Seeing Richard thinks I have blue (?blood) in (my) veins, I'd better respond nobly and 
quickly...

> Yes the db server and the webserver are on the same box, local
> connections are much faster than network ones according to mysql.  When
> the site is busy the percent of the system being used by mysql and that
> being used by PHP/Apache, I estemate would be around 90%-10% so if I get
> the db load down I'll have smooth sailing.

=sounds like a plan - unless you simply up the h/w and/or performance... (but you'll 
have thought of that one
first)

> I'm not attempting to elimate the compalition of PHP, I just want to
> eliminate some database queries.  I don't particually care for the idea
> if writing static html files. I've had really bad experiences with stale
> files our old system.

=I'm intrigued. Surely rendering the pages as db-less='static' PHP is going to be just 
as much work as preparing
them as HTML (with the attendant performance improvement).
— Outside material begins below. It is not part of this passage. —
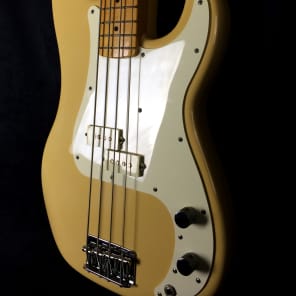 Fender P-bass 1983 Cream/off White P Bass image 5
=Before we got into three-level systems, static stale pages were a real problem as 
soon as volumes got 'up
there'. However you will be generating the static pages (whether in HTML or PHP) from 
a database back-end. Thus
it would be simple to catalog each 'view' (can I call them that seeing MySQL doesn't 
offer db views at the
moment) in the self-same db, together with an expiry date-time. As new 'views' are 
being generated the db
back-end can also order the termination of expired/stale views - you yourself talk 
about TTL below, all I'm
doing is suggesting moving it 'forward' to view-creation time!
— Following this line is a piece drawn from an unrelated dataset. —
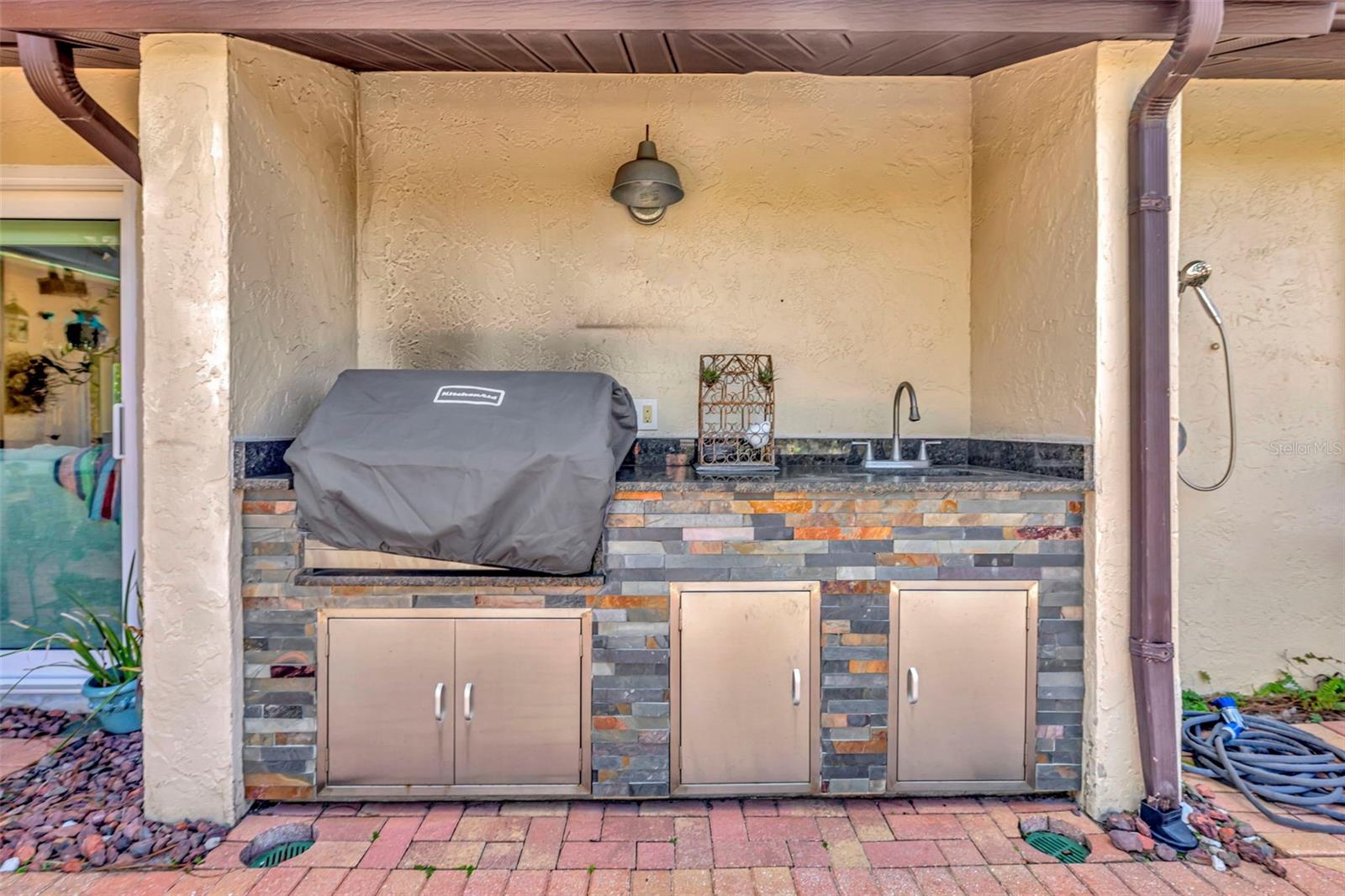 Outdoor Kitchen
> The way I'm exploring now is to build a caching layer between the php
> application and mysql.
>
> I want the app to query the caching layer just about the same way it
> queries the database, but add a few other details, time to live, cache
> name etc.  The caching layer will check to see if the query is cached,
> make sure it's not expired, and return the data just like a result set
> from the db query.  If it is expired, or doesn't exist then it will
> query and create the cache file for next time.
>
> I'm leaning toward storing the data in XML, and kicking around the idea
> of storing it on a ram disk so it would have killer fast access time.
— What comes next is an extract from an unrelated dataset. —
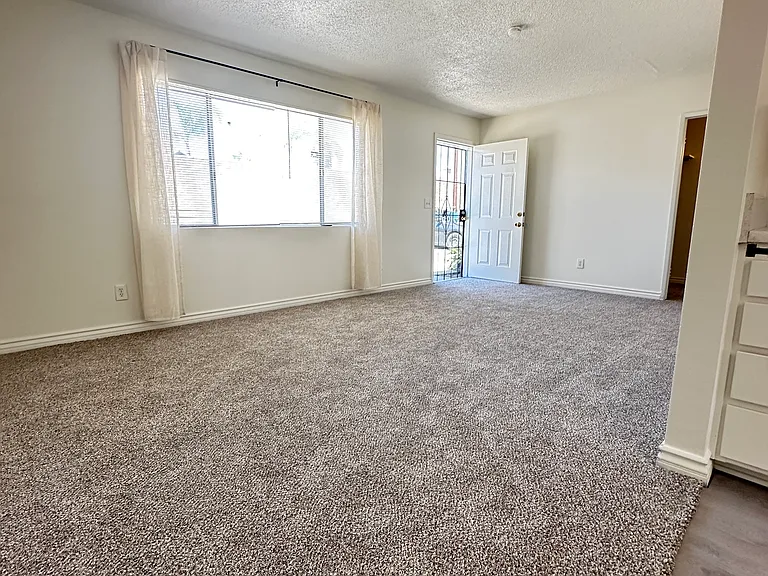 1554 W Ramona Dr #B — Photo 18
=isn't one of the criteria of using RAM disks, space requirement minimisation (he says 
getting the theme firmly
between his teeth...)

=yes it would require less storage to hold the data, than to hold the entire HTML page 
- but what do the
percentage figures really look like.

=It sounds like a good idea to me - although XML is not exactly storage-friendly.

> I expected to get tons of links to libraries or other apps that have
> data caching, I'm quite supprised that I haven't yet.

=sorry, I wish I could remember where I saw that article.